Convert PowerPoint Speaker Notes to Audio Using Amazon Polly

This week I had a chance to work on an interesting request from another department in our company. They wanted to generate voiceover audio for a number of training PowerPoint decks so that they could make them into training videos. The script/content for this audio was embedded in the speaker notes of the slide deck.

Since I have been prototyping with Amazon Polly for several other solutions, I suggesting making use of Polly rather than having someone record their voice.

While this could easily have been done by getting someone (not me!) to copy and paste the notes into the Amazon Polly console and manually download the audio, I wanted to create something a little less manual.

I decided to write a simple script in Python to perform this task. There are three main activities for each file:

  1. Extract the speaker notes for each slide.
  2. Insert some tags into the text to add some pauses during the audio rendering.
  3. Render each slide’s notes to audio via Amazon Polly and save to disk.

Extract speaker notes from slides

To get the speaker notes out of the .PPTX file, I used a library called python-pptx. The the python-pptx documentation for instructions for how to install and use the library.

The function below takes a string containing the path to the PowerPoint file to be processed, and returns a array of tuples containing (slide number, speaker notes text).
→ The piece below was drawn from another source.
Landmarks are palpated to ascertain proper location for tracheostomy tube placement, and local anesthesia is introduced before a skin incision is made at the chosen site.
from pptx import Presentation

def getNotes(file):
    # Use the Presentation() function to 
    # create a Presentation object for the
    # specified PPTX file.
    ppt=Presentation(file)

    notes = []

    # Iterate over the slides in the presentation
    for page, slide in enumerate(ppt.slides):
        # Extract the speaker notes for the given slide
        textNote = slide.notes_slide.notes_text_frame.text
        
        # Add some SSML tags to the text
        textNote = addTags(textNote)

        notes.append((page,textNote)) 
        
    return notes

Add some tags for pauses

In order to reduce some of the manual clean up required to produce “nice” audio, I found I had to add some SSML tags to the extracted notes (the SSML tags supported by Amazon Polly are listed here).

The tags I am adding are:

  • <speak>: outermost element around SSML content
  • <prosody>: used (in this case) to control the “speed” of the rendered audio
  • <break/>: inserts a short pause in the rendered audio. I insert these after commas to make the rendered audio sound a little more natural.
  • <s/>: inserts a slightly longer pause after a period.
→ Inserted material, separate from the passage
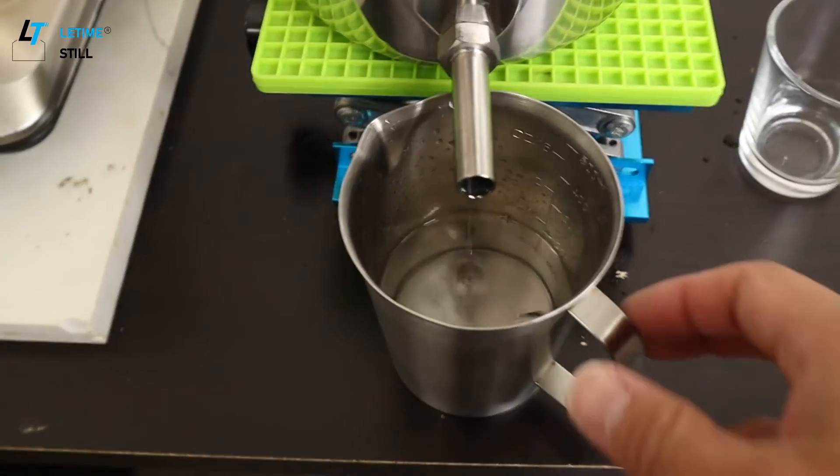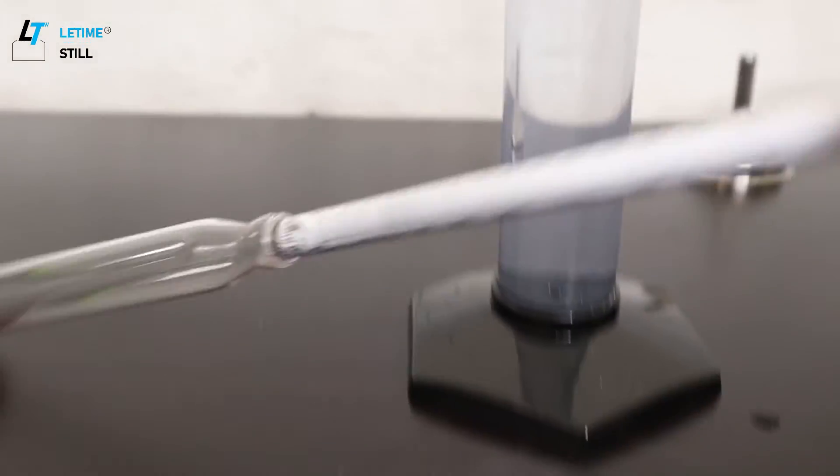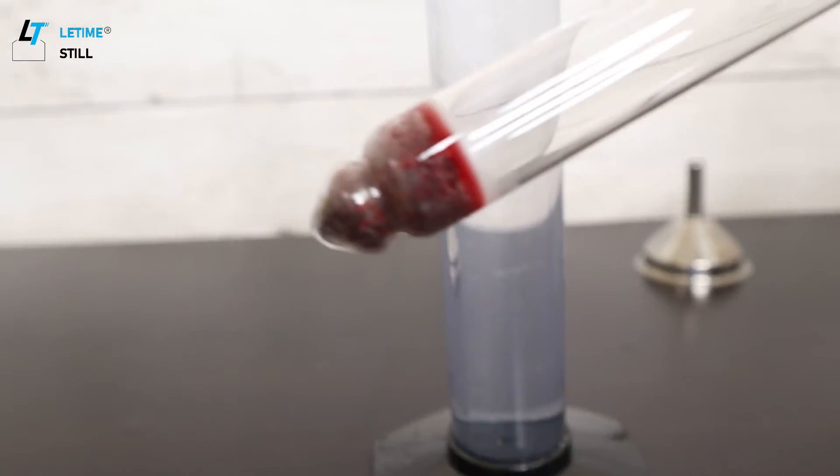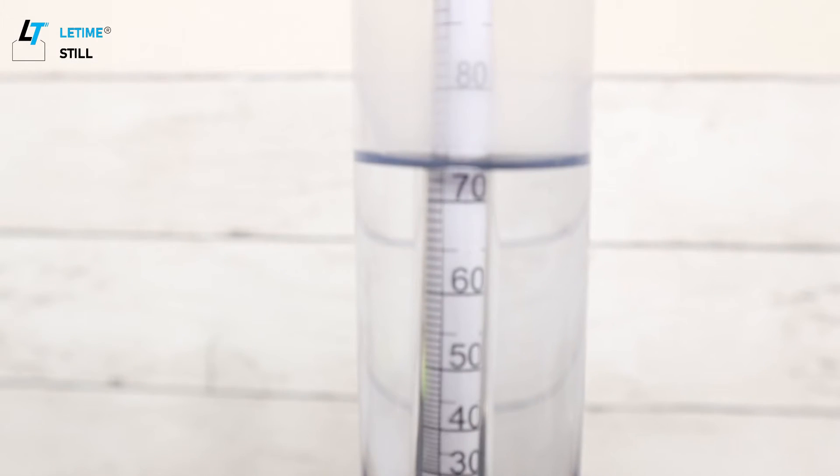To measure the concentration of alcohol we can use a hydrometer. A hydrometer uses density to measure the concentration of alcohol. You can see the reading is 75, which means 75% alcohol.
I also do a little bit of cleanup here to get rid of some “ugly” characters that came out of the PowerPoint notes (like “\x0b”)

Here is the function which accomplishes this (it is very basic strong manipulation):

def addTags(textNote):
    # Add <speak> tag and speed control
    textNote = '<speak><prosody rate="medium">' + textNote + '</prosody></speak>'
    # Get rid of some character codes
    textNote = textNote.replace("\x0b", "")
    # Replace "EYE" with "E.Y.E."
    textNote = textNote.replace("EYE", "E.Y.E.")
    # Replace "\n" with "<s/>"
    textNote = textNote.replace("\n", "<s/>") 
    # Add pauses after commas
    textNote = textNote.replace(",", ",<break/>")
    # Add pauses after colons
    textNote = textNote.replace(":", ":<break/>")
    
    return textNote

Render audio using Amazon Polly

To access the Amazon Polly service from Python, I use the boto3 library. Follow that link to see how to install boto3 as well as the basic instruction for using it to access your AWS account.
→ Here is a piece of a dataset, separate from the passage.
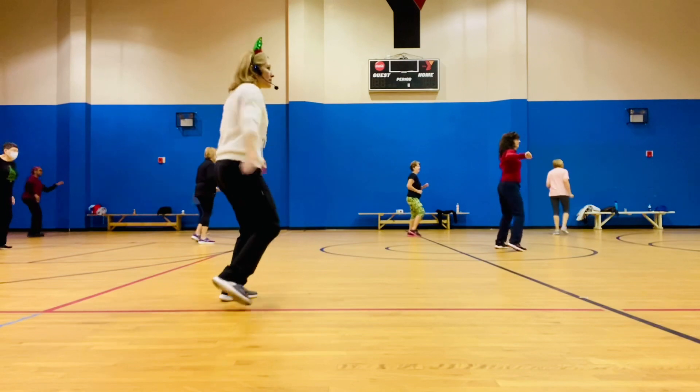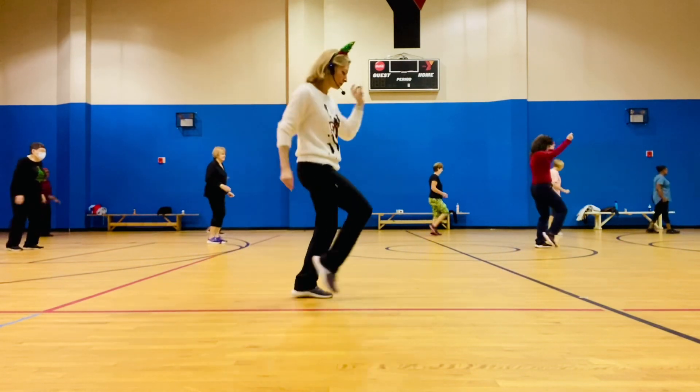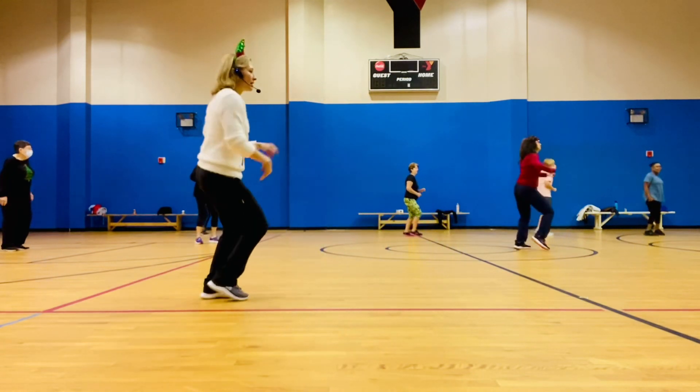Ready to turn, here we go. Jingle bells, jingle bells, jingle all the way. Oh,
First you create a client to access the AWS service (in this case Polly). From there you use the synthesize_speech method of the client to render the text to audio. There are a number of parameters you can pass in to control the rendering, including:

  • the speech engine to use (standard or neural)
  • the language
  • the voice to use (Amazon Polly supports a large number fo different voices)
  • the desired output format
  • the text to be rendered.

See the boto3 documentation and the Amazon Polly documentation to see the available parameters and the supported input values.

The response object from the synthesize_speech method contains an audio stream, which read from and then write out to disk.

import boto3

def renderAudio(file_root, slide_number, input_text):
    # Instantiate a boto3 client for Amazon Polly
    client = boto3.Session(aws_access_key_id='********************',
                           aws_secret_access_key='****************************************',
                           region_name='ca-central-1').client('polly')
    
    # Render the text to audio
    response = client.synthesize_speech(
        Engine = 'neural',
        LanguageCode = 'en-US',
        TextType = 'ssml',
        VoiceId='Matthew', 
        OutputFormat='mp3', 
        Text = input_text)
    
    # Save it to disk
    file = open(file_root + '_slide_' + str(slide_number) + '_audio.mp3', 'wb')
    file.write(response['AudioStream'].read())
    file.close()

Putting it all together

That’s about is. Given these methods all you have to do now is something like this (note that this will try to write the output audio to the same folder where it finds your PPTX file):

input_file = <path to your PPTX file>
 
file_root = input_file[:-5]  
notes = getNotes(input_file)
print("notes from " + file_root + "\n")
for note in notes:
    renderAudio(file_root, note[0]+1, note[1])

NOTE: I have not added any validation or error handling to this code, so copy/paste at your own risk!

Be thankful you cannot understand their pain

This may not be the most elegant or coherent thing I have ever written, but it is 4 in the morning, and I cannot sleep because this bothers me so much. 

Over the past week, we have all heard much about the graves of some 215 children found at the site of the Kamloops Indian Residential School. While I do not think this comes as a surprise to anyone who has been paying any attention, I think that facing the reality of this tragedy and knowing that it is likely just the tip of the iceberg should be a source of immense pain and outrage not just for Indigenous communities, but for each and every one of us. 

I would like to be able to say that I understand or even imagine what survivors and affected communities are feeling but in truth I cannot. I cannot even begin to comprehend. 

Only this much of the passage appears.